Research involving more than 1,100 men and women concluded that people with healthy diets who regularly consumed fruits, vegetables and pulses had higher chances of conceiving. A study also found that men with saturated fat-packed diets possess a lower sperm count than those who consume lesser unhealthy fats. Men who consume healthy fats like omega-3 fatty acids, mostly found in fish, also have stronger sperm.

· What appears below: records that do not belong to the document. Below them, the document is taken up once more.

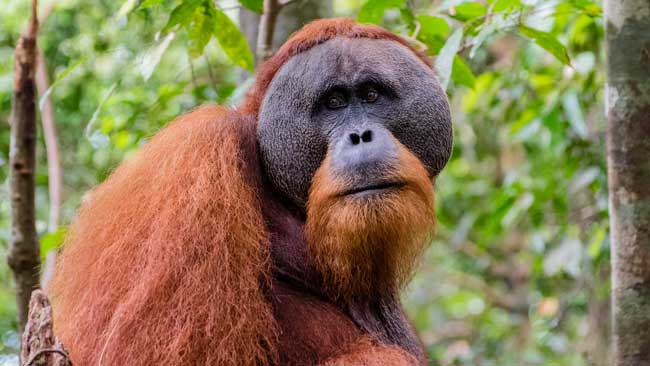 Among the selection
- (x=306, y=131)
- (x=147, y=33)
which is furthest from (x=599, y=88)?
(x=306, y=131)

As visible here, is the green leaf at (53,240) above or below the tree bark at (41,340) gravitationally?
below

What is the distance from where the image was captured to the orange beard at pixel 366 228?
2930 mm

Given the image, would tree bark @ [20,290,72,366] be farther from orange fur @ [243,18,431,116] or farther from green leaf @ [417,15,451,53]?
green leaf @ [417,15,451,53]

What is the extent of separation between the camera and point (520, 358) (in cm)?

The new Harvard study is the first to “link consumption of pesticide residues in fruits and vegetables, a primary exposure route for most people, to an adverse reproductive health outcome in humans,” according to Jorge Chavarro, the study’s senior author. The results indicate that it’s not the amount of fruit and vegetable intake that affects sperm count, but rather whether the fruit and vegetable intake contains high levels of pesticide residues.

How does pesticide residue affect fertility?

Using data from 155 men participating in the Environment and Reproductive Health (EARTH) study, the researchers investigated the connections between the men’s intake of produce containing pesticide residue and the quality of their sperm. They found that men who ate pesticide-laden fruits and vegetables like strawberries, spinach, apples, peppers, and pears, had lower sperm counts and lower percentages of normal sperm. They had almost 50% fewer sperm and more abnormally shaped sperm than the men who had the least amount of pesticides in their diet. This even raises the possibility that high amounts of pesticide residues in our food may also be a contributory factor in male infertility, at least in certain men.

However, these results should not discourage the consumption of fruit and vegetables in general as those who consumed large quantities of fruit and vegetables with little or no residue experienced a 37% improvement in their sperm quality. Research has already proven that switching to an organic diet can lower your pesticide exposure by up to 90%. An organic diet can work wonders not just for your fertility, but also for your other health markers. This new study, thus, reaffirms the growing body of evidence that suggests a healthy and organic diet could help protect and enhance both your potency and fertility.